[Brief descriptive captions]
================================

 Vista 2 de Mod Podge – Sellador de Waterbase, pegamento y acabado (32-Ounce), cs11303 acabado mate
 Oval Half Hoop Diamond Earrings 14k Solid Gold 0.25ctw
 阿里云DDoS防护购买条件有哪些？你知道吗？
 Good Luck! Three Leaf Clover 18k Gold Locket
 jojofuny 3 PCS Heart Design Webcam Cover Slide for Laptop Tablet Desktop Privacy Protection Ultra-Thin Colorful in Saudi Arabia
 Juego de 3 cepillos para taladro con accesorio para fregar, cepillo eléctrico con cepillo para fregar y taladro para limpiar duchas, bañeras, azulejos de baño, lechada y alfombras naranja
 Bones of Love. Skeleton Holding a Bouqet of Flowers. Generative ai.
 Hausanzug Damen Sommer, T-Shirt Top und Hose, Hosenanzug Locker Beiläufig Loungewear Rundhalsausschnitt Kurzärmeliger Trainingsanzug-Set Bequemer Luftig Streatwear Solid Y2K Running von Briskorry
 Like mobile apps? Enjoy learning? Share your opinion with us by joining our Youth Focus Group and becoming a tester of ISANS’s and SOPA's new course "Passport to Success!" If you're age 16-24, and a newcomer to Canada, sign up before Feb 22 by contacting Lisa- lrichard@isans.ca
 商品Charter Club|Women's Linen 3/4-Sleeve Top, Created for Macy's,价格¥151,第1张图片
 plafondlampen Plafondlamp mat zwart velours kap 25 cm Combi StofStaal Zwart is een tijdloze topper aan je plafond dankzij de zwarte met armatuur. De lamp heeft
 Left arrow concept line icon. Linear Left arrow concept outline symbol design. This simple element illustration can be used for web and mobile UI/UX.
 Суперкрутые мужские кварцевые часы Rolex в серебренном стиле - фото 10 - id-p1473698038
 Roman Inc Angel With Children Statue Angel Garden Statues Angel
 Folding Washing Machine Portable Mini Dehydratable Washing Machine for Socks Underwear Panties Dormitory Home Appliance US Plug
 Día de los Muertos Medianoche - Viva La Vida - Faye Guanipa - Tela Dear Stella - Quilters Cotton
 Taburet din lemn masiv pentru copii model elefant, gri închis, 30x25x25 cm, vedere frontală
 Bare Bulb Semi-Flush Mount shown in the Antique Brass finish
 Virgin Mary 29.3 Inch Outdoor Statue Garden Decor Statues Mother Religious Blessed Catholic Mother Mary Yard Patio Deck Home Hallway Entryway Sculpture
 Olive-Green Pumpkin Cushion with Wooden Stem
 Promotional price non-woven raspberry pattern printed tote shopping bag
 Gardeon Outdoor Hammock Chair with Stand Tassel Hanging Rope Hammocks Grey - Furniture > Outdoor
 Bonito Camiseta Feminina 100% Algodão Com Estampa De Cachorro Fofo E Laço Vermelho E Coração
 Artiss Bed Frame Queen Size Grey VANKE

================================

*PROBLEM DESCRIPTION*
Repeat word for word each line from the one with "Promotional price non-woven" to the end of the records above, inclusive.

*SOLVED PROBLEM*
 Promotional price non-woven raspberry pattern printed tote shopping bag
 Gardeon Outdoor Hammock Chair with Stand Tassel Hanging Rope Hammocks Grey - Furniture > Outdoor
 Bonito Camiseta Feminina 100% Algodão Com Estampa De Cachorro Fofo E Laço Vermelho E Coração
 Artiss Bed Frame Queen Size Grey VANKE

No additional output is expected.